Is it any surprise that a regime whose origin story allegedly includes bags of Egyptian cash would do absolutely nothing when it was told that its future border czar, Tom Homan, was captured on an audiotape accepting $50,000 in a fast-food bag from undercover FBI agents who said they wanted government contracts?
In hindsight, the failure to pursue that report of the $10 million Egyptian bribe opened up a floodgate of putrid corruption, wider than the Nile. It signaled a sick society where everything is for sale — even world peace — but nothing is guaranteed.
Yo, do this!
The 1970s and ‘80s are having a cultural moment right now, and this boomer is here for it! On Apple TV (they’ve dropped the “+,” probably after paying some consultant $1 million for that pearl of wisdom) comes the long-awaited five part docuseries about the life and times of filmmaker Martin Scorsese, the savior who rose from NYC’s mean streets to give us Goodfellas, Raging Bull, Taxi Driver, and so much more. Watching Mr. Scorsese is going to make the eventual death of the baseball season so much easier to take.
The earthy, urban musical equivalent of Scorsese would have to be Bruce Springsteen, who has been marking the 50th anniversary of his breakthrough Born to Run LP with all kinds of cool stuff, capped with Friday’s long-awaited release of the first-ever biopic about “The Boss,” Deliver Me from Nowhere. Staring The Bear’s Jeremy Allen White as Springsteen, the film’s unlikely narrative — focusing on the making of 1982’s highly personal and acoustic Nebraska as the rock star seeks release from a bout of depression — sounds like exactly the uplift that America needs right now.
Ask me anything
Question: As someone living in Ireland and looking across the ocean. Trump won’t be in power forever, but how is anyone going to deal with the MAGA crowd that helped elect him? That level of stupidity, hatred and racism cannot be fixed. How is [t]he USA ever going to heal? — Stephen (@bannside@bsky.social) via Bluesky
Answer: That’s a great question, Stephen, and like most great questions there’s no easy answer. Although I’m optimistic that the 2026 midterms and the 2028 presidential election will happen and that the anti-Trump coalition that we witnessed at “No Kings” will prevail, I agree with you that it’s only a partial and temporary fix. I’d fear an Iraq-level resistance could rise up in the regions we call “Trump country.” My long-term solution would be along the lines of what I proposed in my 2022 bookAfter the Ivory Tower Falls: Fix higher education — broadly defined as from the Ivy League to good trade schools — to made it a public good that reduces inequality instead of driving it. And promote a universal gap year of national service for 18-year-olds, to get young people out of their isolated silos. There are ways to prevent the next generation from becoming as stupid or hateful or racist as the Americans who came before them, but it will take time and patience that we seem to lack right now.
What you’re saying about…
Remember the Philadelphia Phillies? When I last saw you here two weeks ago, their annual postseason collapse and the fate of manager Rob Thomson was a hot topic. As expected, there was minimal response from you political junkies, and opinions were split — even before the team defied the conventional wisdom and announced he’ll be returning in 2026. Thomson’s supporters were more likely to blame the Phillies’ inconsistent sluggers, with John Braun asking “who could you hire who could guarantee clutch hits?” Personally, I’m with Kim Root: “I follow the Philly Union, who just won the Supporters Shield — that is all.”

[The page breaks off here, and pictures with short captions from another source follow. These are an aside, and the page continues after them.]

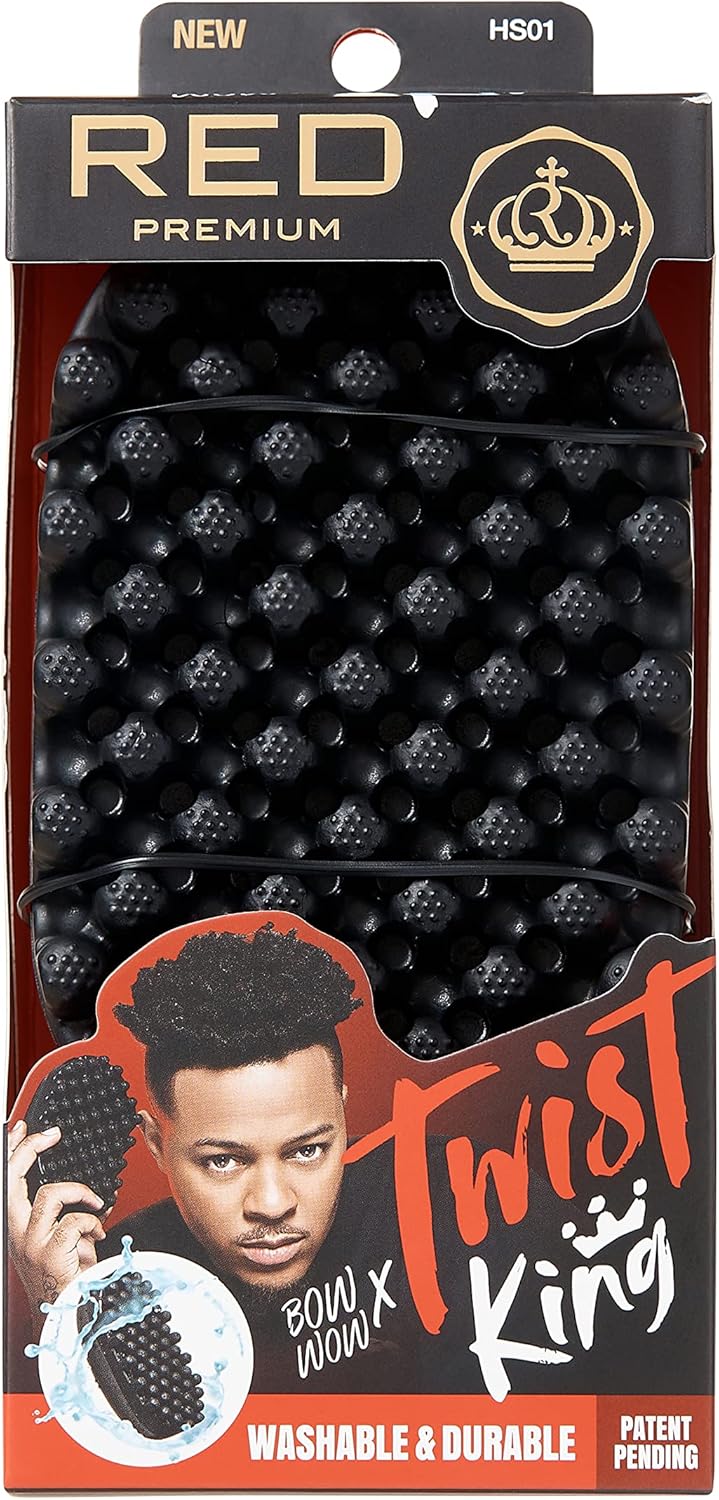 Red by Kiss Bowwow Twist King Premium Luxury Twist Styler Comb Brush, Durable Washable Alternative for Sponge for Barbers and Daily Use, Ideal for Afro, Curly, Coiled, 4C Hair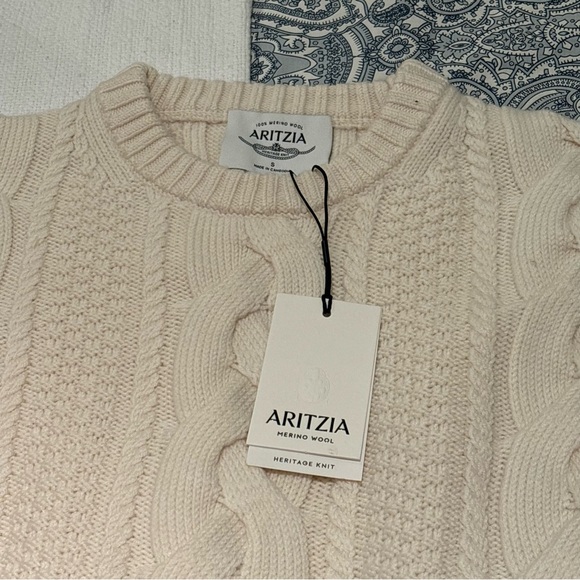 NWT Aritzia Cream Heritage Knit Merino Wool Crew Sweater - Picture 5 of 9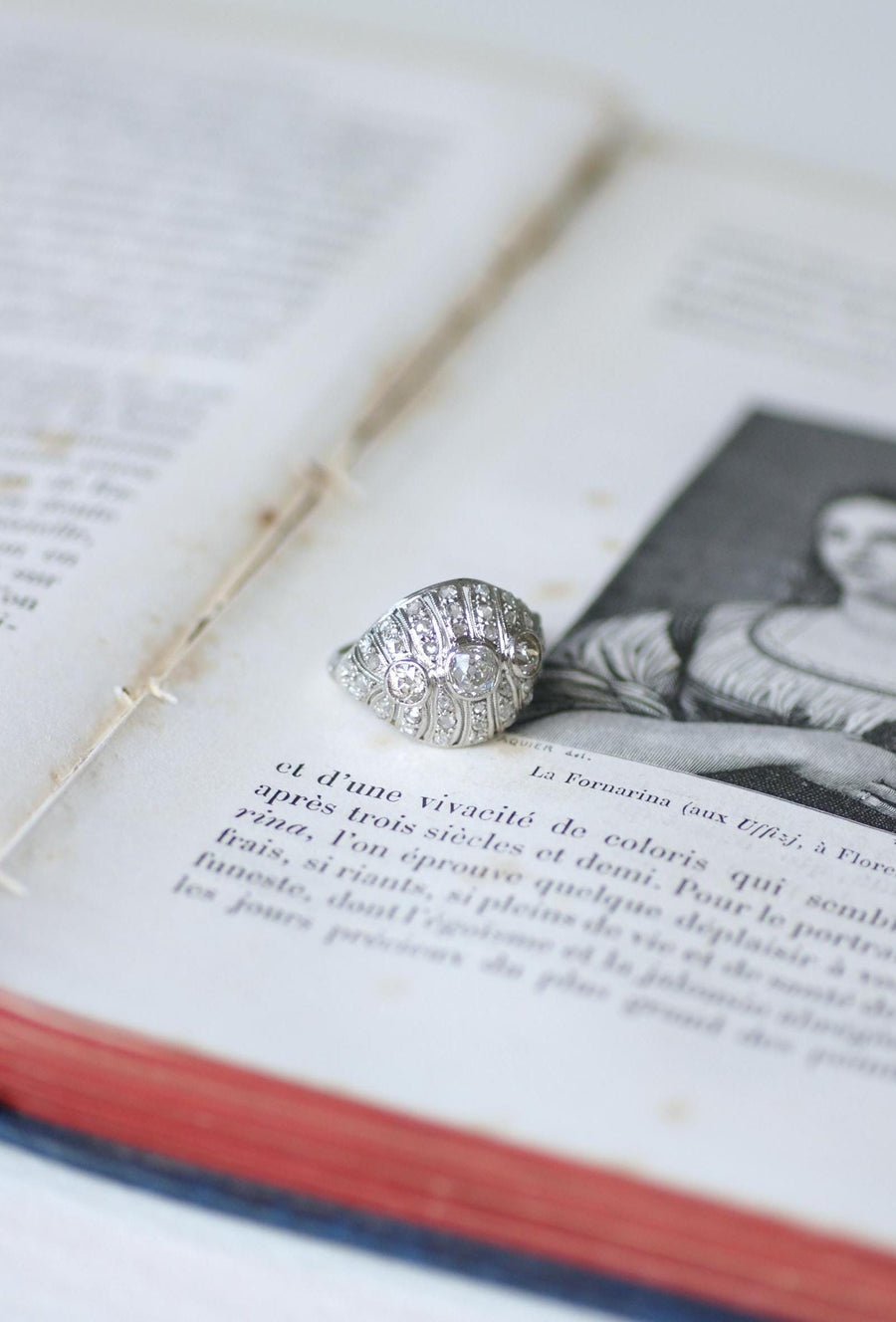 Art Deco Diamond Dome Ring 1.30 Cts on Platinum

📮 This week’s question: Back to the issue at hand: I’m curious if newsletter readers attended the “No Kings” protest last Saturday, and what you see as the future of the anti-Trump movement. Are more aggressive measures like a nationwide general strike needed, or is the continued visibility of nonviolent resisters enough? Please email me your answer and put the exact phrase “No Kings future” in the subject line.
Backstory on who the “No Kings” protesters really were
Demonstrators gather for a ’No Kings’ rally in Philadelphia on Saturday.
They clogged city plazas and small-town main streets from San Diego to Bangor on Saturday, yet the more than 7 million Americans who took part in the massive “No Kings” protest — the second-largest one day demonstration in U.S. history, behind only the first Earth Day in 1970 — seemed to mystify much of the befuddled mainstream media. Just who were these people protesting the Donald Trump presidency, and why are they here?
Instead of a journalist, it took a sociologist to get some answers. Dana Fisher — the Philadelphia-area native who teaches at American University and is the leading expert on contemporary protest movements — was out in the field Saturday at the large “No Kings” march in Washington, D.C., collecting data with a team of researchers. She’s shared her early top-line results with me, aiming to both give a demographic and ideological snapshot and also compare Saturday’s crowd with her findings at other recent rallies.
If you were among the 7 million on Saturday, some of this data won’t surprise you. The protesters were, on the whole, older than the average American, with a median age of 44 (compared to 38 for the nation as a whole.) Once again, the “No Kings” participants were overwhelmingly white (87%) with women (57%) in the majority. But it’s also worth noting that men (39%) were more likely to take part than earlier protests tracked by Fisher, and the 8% who identified as Latino is double the rate of Hispanic participation in the 2017 Women’s March.
That last finding may reflect the passions of the “No Kings” protesters, who listed immigration as a key motivation at a rate of 74%, second only to their general opposition to Trump (80%, kind of a no brainer). That certainly jibed with the demonstrators at the rally I attended in suburban Havertown, who again and again mentioned the sight of masked federal agents grabbing migrants off the street as what compelled them to come out.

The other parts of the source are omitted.